Dry-port development to connect the international trade of land-powers is moving forwards quickly with the development in Khorgos and China state funding for the Kazakh-China rail project. And UNESCAP's Intergovernmental Agreement on Dryports provides the institutional framework to encourage development of port infrastructure in other economies dependent on land routes for international trade. China has also invested heavily in upgrading its dry-port facilities in border crossings with Russia and Mongolia at Manzhouli and Erenhot. And a bold new intercontinental rail plan is designed to facilitate international trade with block-train services from China set to expand to nearly fifty one-way and two-way services from Chinese terminals.
China's government has established specific agroindustrial investment funds, targeting sovereign wealth investment in Russia and Kazakhstan. With the Russian Far East agricultural industry development fund, China is moving away from renting or purchasing agricultural land abroad, a policy that has proven to be a public relations disaster from Kazakhstan to Australia. The development fund will finance grain production and processing in Russia, while introducing Chinese agricultural equipment as part of the capacity cooperation strategy. This is demonstrative of a strategy moving away from land ownership and towards fixed-capital ownership.

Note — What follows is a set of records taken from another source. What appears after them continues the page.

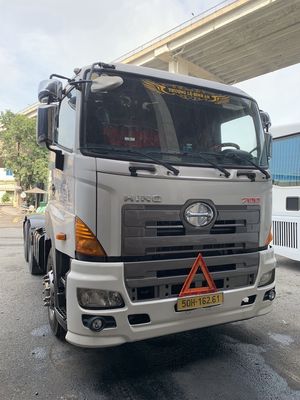 BÁN XE ĐẦU KÉO HINO SX NĂM 2016. Mua bán Xe tải, xe ben tại Quận 7 Tp Hồ Chí Minh được đăng bởi văn Thắng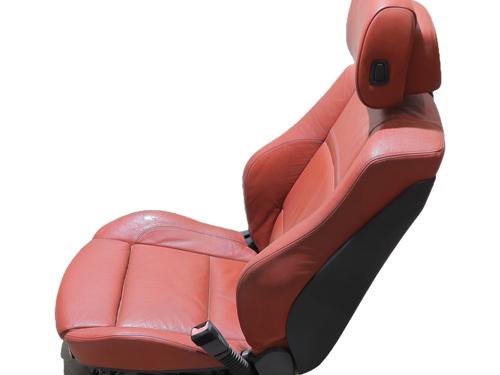 Right front seat BMW 3 Convertible (E93) 320 i | BP38164153C16 - Image 4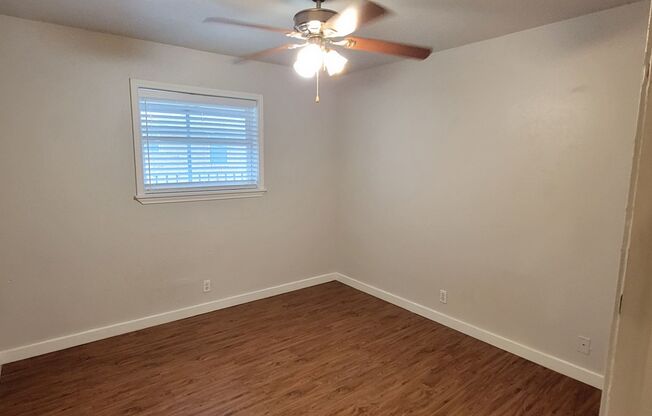 Palms Apartments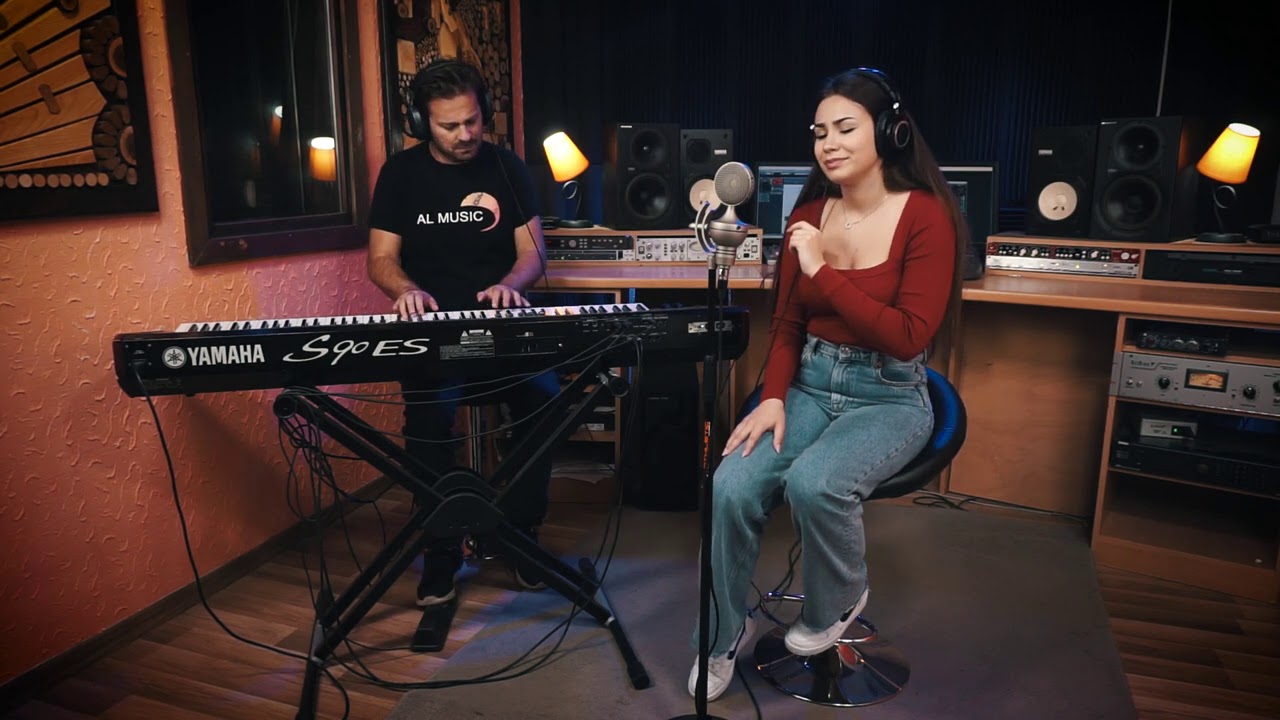 Sofija Peric - Idu dani (Live)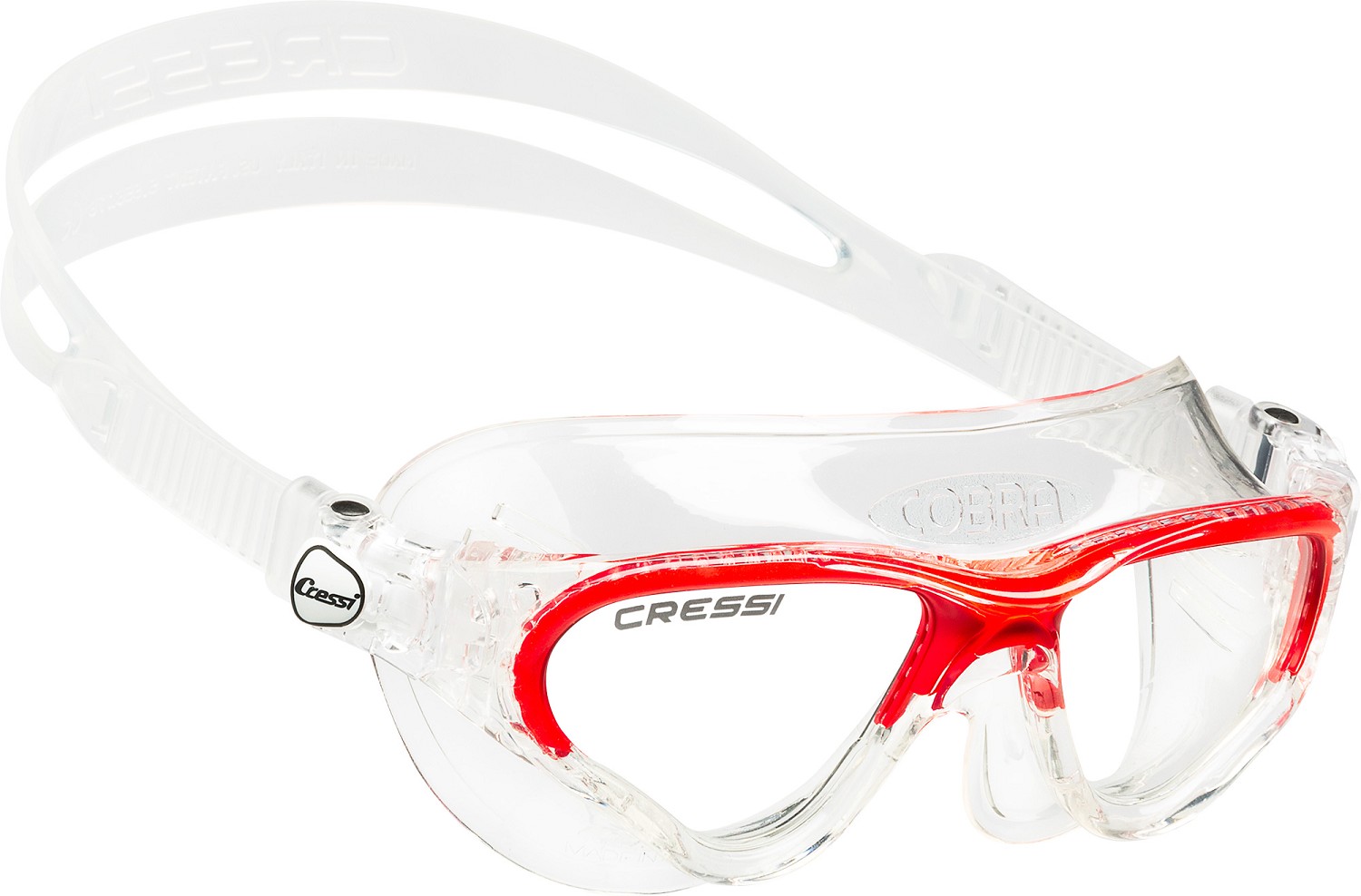 CRESSI - Cobra Schwimmbrille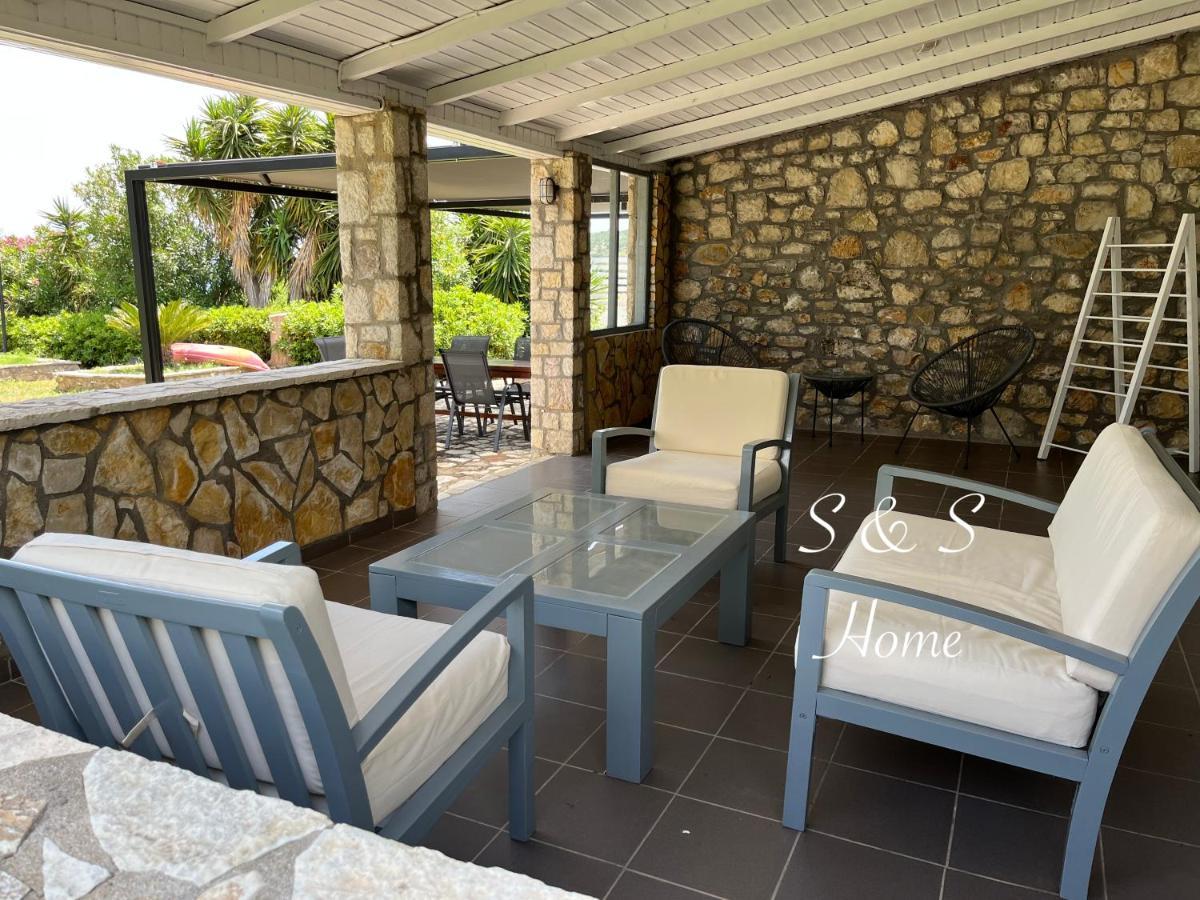 S&S Home Petalidi Exterior photo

Given domestic constraints, capacity cooperation is a rising priority in China's agriculture policy. And the reality is that Chinese investment in Central Asia is not about land or agriculture, it is about cement, steel, and glass; energy equipment, agroindustrial machinery and equipment, construction machinery, railway and transport equipment, and services in transport, logistics and port services through which China hopes to establish whole industrial clusters in external geographies. China plans to export industrial chains to Central Asia, and to own the resulting industrial cluster infrastructure. This is not simply an export opportunity or a land-rights issue, it is a huge fixed capital project-based investment system. While Central Asian economies should be wary of Chinese state-capital, development of agroindustrial chains and opening of export markets are exactly the kind of capital investment that the economies of the region need.
However, despite Central Asia's need for capital investment, China's concept of the Eurasian land bridge has struggled to gain traction in host economies in the Eurasian Economic Community. Inefficiencies persist in connecting Asia and Europe through Central Asia with high transport costs, low volumes and differing industrial standards leaving many transport and shipment routes heavily dependent on state-subsidies. Poor coordination with both market and government actors also remains an obstacle. It is difficult enough for China to coordinate its centrally planned domestic hierarchical economic structure, leaving little room for lateral engagement with Central Asian states, local governments or private enterprises. While China's central government will play an increasingly stronger role in identifying its own industrial investment and agricultural import needs, developing genuine international relationships and private capital business networks will not be so simple.
CONCLUSIONS: Price support policies in China are rapidly marketizing previously protected agricultural production. The development of finance mechanisms to take some of China's agroindustrial investment into Central Asia and Russia is already a reality, with Kazakhstan as the lynchpin for China's wider Belt and Road geoeconomic strategy. International Capacity Cooperation is likewise bringing Chinese fixed capital and investment capital to Central Asian states. This means the doors to the largest consumer market in the world are opening for Central Asia's agricultural exporters. While Chinese capital is always linked to state-owned enterprises, the chance to develop agroindustrial production bases is a huge opportunity for Central Asian states. Coupled with assured export markets, agricultural commodity exports to China and investment in agroindustrial machinery, cement-steel-and-glass, and factory systems could develop new agroindustrial sectors for Central Asian economies, and provide the basis for greater economic integration under the China-funded Belt and Road initiative.